Wolfgang Petersen, director of 'Neverending Story,' 'Outbreak,' 'Troy,' dies of cancer

Star director Wolfgang Petersen has died of cancer
Childhood in Germany
Drama and film studies
'Tatort' on German television
Scandal surrounding his first feature film
Breakthrough: 'Das Boot'
The Neverending Story (1984)
Enemy Mine (1985)
Beginnings in Hollywood
Shattered (1991)
In the Line of Fire (1993)
Outbreak (1995)
Air Force One (1997)
Troy (2004)
Poseidon (2006)
Success and fame
He was active into his 80s
A 'neverending' legacy
Star director Wolfgang Petersen has died of cancer

Hollywood director Wolfgang Petersen has died of pancreatic cancer on Friday, August 12. He was 81 years old and surrounded by his family when he passed away in Los Angeles, his assistant confirmed to DPA. 

Childhood in Germany

When Petersen was born in 1941, his father was a naval officer on the German side in World War II. After the war, in high school, he began practicing film with his 8mm camera. 

Drama and film studies

Petersen directed plays during and after his theater studies in the 1960s. He also attended the German Film and Television Academy. From 1971, the director made crime drama series, a TV film, and screenplays for several other German TV productions. 
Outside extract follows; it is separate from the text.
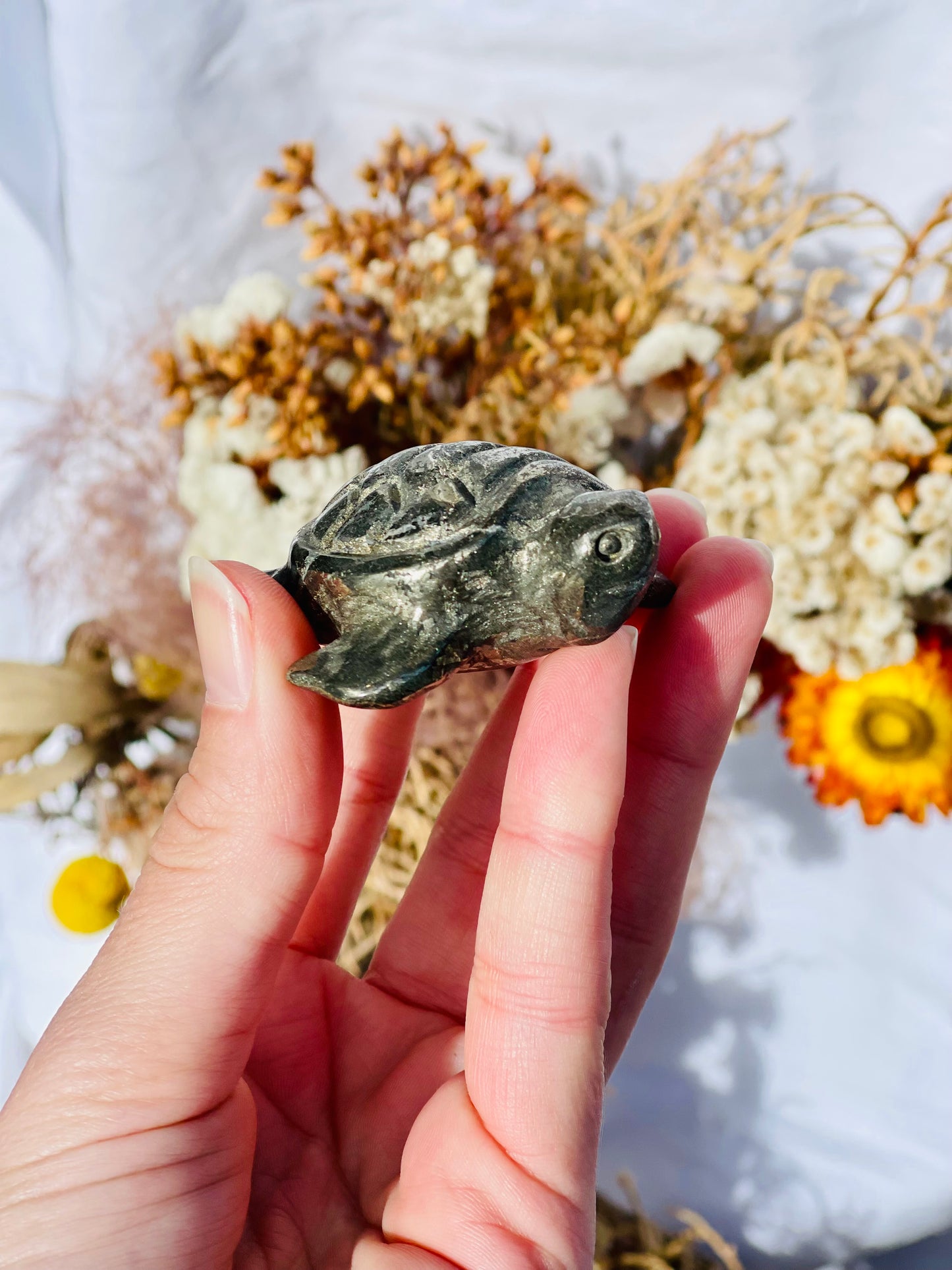 Pyrite Turtle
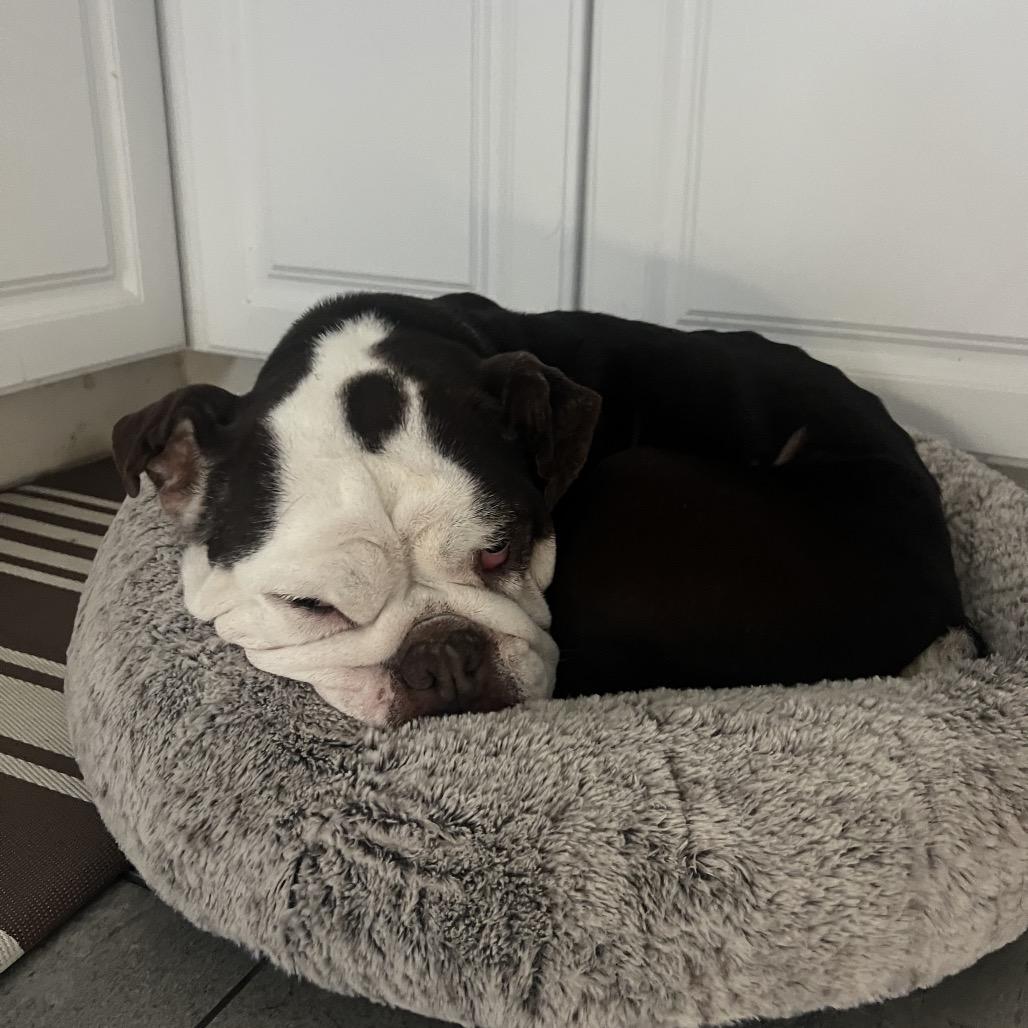 Enlarge Coco Chanel, a Adoptable English Bulldog in Saratoga Springs, NY image 6/6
'Tatort' on German television

The director made episodes for 'Tatort' ('Crime Scene,') the most popular crime drama in Germany. One of his episodes became the second-most successful chapter of the Sunday detective to date.

Scandal surrounding his first feature film

On German television he was considered one of the most innovative German directors of the time. On the big screen, he caused a controversy in 1977 by making a film about the love between two men. Its title was 'The Consequence.'

Breakthrough: 'Das Boot'

In 1980, Petersen directed the large-scale production 'Das Boot,' a World War II drama about the German navy. It would become the most successful foreign-language film in the US up to that point. 

Read about other German films with international success

The Neverending Story (1984)

Another big project, in English this time, was 'The Neverending Story.' Petersen's film adaptation of Michael Ende's novel would be the most expensive post-war production so far. 

Enemy Mine (1985)

Petersen was enthusiastic about fantasy and science fiction. One of his next projects was 'Enemy Mine' with Dennis Quaid and Louis Gossett Jr. He shot the film in Bavaria, but it would be the last one he would make in Germany for a long time. 

Beginnings in Hollywood

In 1986, Petersen, who never made a secret of his enthusiasm for America, moved to Los Angeles. Together with producer Gail Katz he internationalized his production company Radiant Film and made several blockbusters for the international market.

Shattered (1991)

After a few difficult years getting started in Hollywood, Petersen got his first hit with the thriller 'Shattered.' It featured Tom Berenger and Bob Hoskins.

In the Line of Fire (1993)

In the 1990s, Petersen was at the peak of his career. He made the well-received 'In the Line of Fire' with Clint Eastwood (photo) and John Malkovich. Reportedly, the two actors were his personal favorites for the roles of the good and the bad guy, respectively. 

Outbreak (1995)

Petersen's disaster film 'Outbreak' has been referred to several times in the past pandemic years. Dustin Hoffman starred as a virologist anxiously trying to curb the spread of a new virus. At the time of the movie's release, Zaire was dealing with an Ebola epidemic. 

Air Force One (1997)

Petersen's action blockbuster 'Air Force One' with Gary Oldman and Harrison Ford was not as well received in Europe as in the US. Critics from his home country considered it "too American." The Deutsche Welle cited screenwriter Michael Haneke in saying the film was a "nasty propaganda hodgepodge."

Troy (2004)

With the historical film 'Troy', Wolfgang Petersen broke another budget record. The 162-minute film starring Brad Pitt cost around 175 million US dollars. Another version, another 40 minutes longer than the original, was released three years later.

Poseidon (2006)

Petersen last Hollywood production would be a remake of the 1972 disaster movie 'Poseidon,' about a catastrophic ship wreck. The film did not have much success; film chronicles describe it as "hectic and overloaded." After the sinking ship, Wolfgang Petersen took a creative break.

Success and fame

Overall, Petersen was a successful director with fans all over the world. Some of his films grossed over $100 million each. The nomination for an Oscar had come early in his career, in 1981 for 'Das Boot.'

He was active into his 80s

Petersen's death came as a surprise to the film world. Until the end he seemed to be healthy and was creatively active. Just a year before his death, the director said in a DPA interview that he would like to get much older than 80. He still had new film and television projects in the pipeline.

A 'neverending' legacy

For now, Wolfgang Petersen leaves behind his wife, son, two grandchildren and a 'neverending' film legacy.